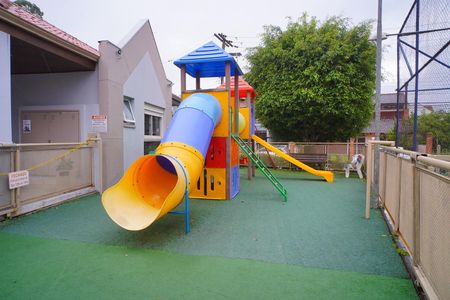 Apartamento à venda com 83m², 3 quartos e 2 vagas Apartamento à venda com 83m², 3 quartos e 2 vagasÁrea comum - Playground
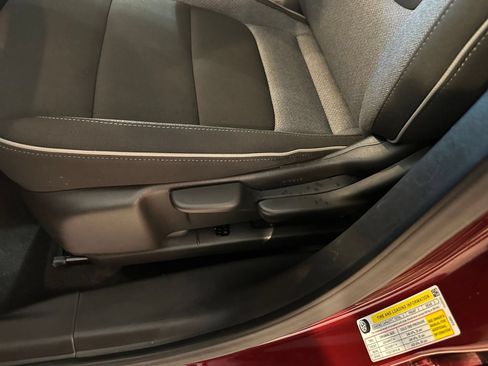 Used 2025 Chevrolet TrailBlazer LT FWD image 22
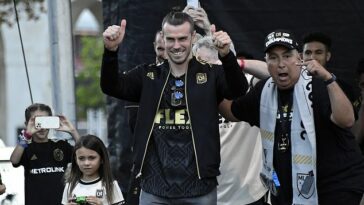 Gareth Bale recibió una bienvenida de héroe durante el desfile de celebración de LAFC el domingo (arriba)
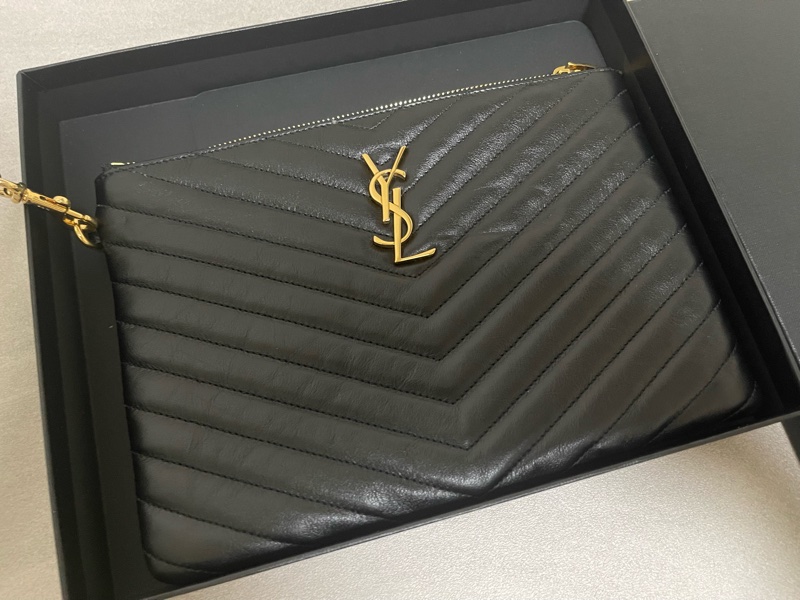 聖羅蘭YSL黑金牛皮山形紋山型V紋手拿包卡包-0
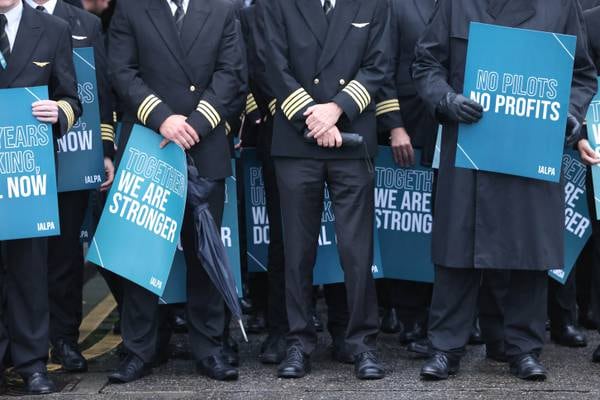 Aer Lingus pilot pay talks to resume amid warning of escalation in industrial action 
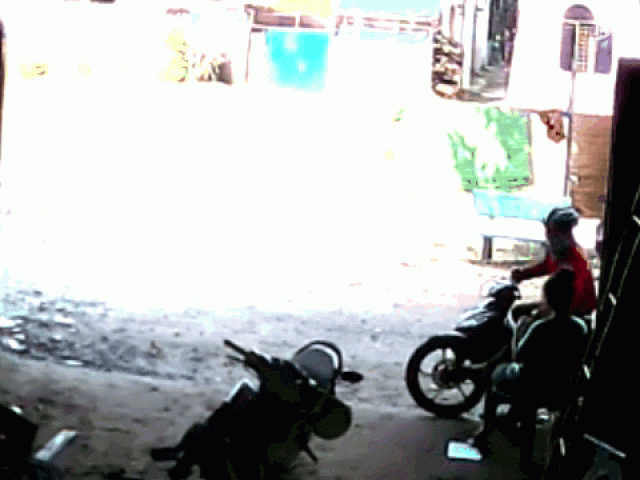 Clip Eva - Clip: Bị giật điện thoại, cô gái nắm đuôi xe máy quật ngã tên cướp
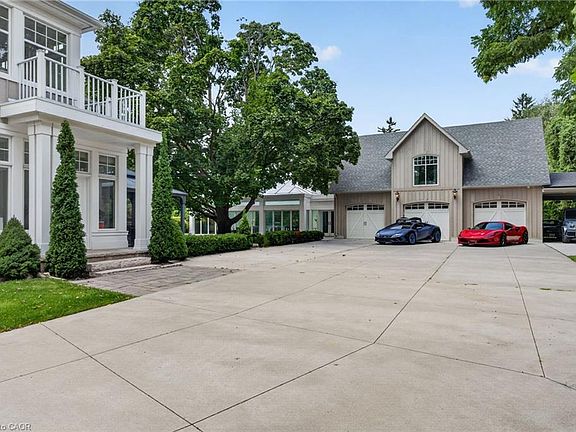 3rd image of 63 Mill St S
-------------------------
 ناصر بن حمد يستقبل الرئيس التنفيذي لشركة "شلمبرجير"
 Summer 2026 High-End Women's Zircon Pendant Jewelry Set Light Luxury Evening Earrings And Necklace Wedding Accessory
-------------------------
▶ YOUR ASSIGNMENT: Output exactly the lines above, beginning at the one with "聖羅蘭YSL黑金牛皮山形紋山型V紋手拿包卡包-0" and stopping after the one with "3rd image of 63 Mill St S". Pictures are to be omitted.

▶ WRITTEN RESPONSE:
 聖羅蘭YSL黑金牛皮山形紋山型V紋手拿包卡包-0
 Aer Lingus pilot pay talks to resume amid warning of escalation in industrial action 
 Clip Eva - Clip: Bị giật điện thoại, cô gái nắm đuôi xe máy quật ngã tên cướp
 3rd image of 63 Mill St S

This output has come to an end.